**WHAT YOU HAVE TO DO:** Reproduce exactly the lines from the line containing "French Romantic 19" through the end of the records below, including both ends, and nothing else.

Dataset items:
********

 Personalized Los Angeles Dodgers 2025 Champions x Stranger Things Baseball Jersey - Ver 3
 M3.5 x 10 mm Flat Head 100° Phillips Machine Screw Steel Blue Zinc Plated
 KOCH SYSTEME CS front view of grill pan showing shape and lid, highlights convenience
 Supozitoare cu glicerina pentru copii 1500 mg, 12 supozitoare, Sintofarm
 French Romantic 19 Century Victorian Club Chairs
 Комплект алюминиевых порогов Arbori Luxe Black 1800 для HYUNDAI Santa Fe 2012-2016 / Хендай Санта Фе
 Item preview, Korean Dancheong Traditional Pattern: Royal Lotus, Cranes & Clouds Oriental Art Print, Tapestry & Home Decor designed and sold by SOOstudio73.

********

**FINAL ANSWER:**
 French Romantic 19 Century Victorian Club Chairs
 Комплект алюминиевых порогов Arbori Luxe Black 1800 для HYUNDAI Santa Fe 2012-2016 / Хендай Санта Фе
 Item preview, Korean Dancheong Traditional Pattern: Royal Lotus, Cranes & Clouds Oriental Art Print, Tapestry & Home Decor designed and sold by SOOstudio73.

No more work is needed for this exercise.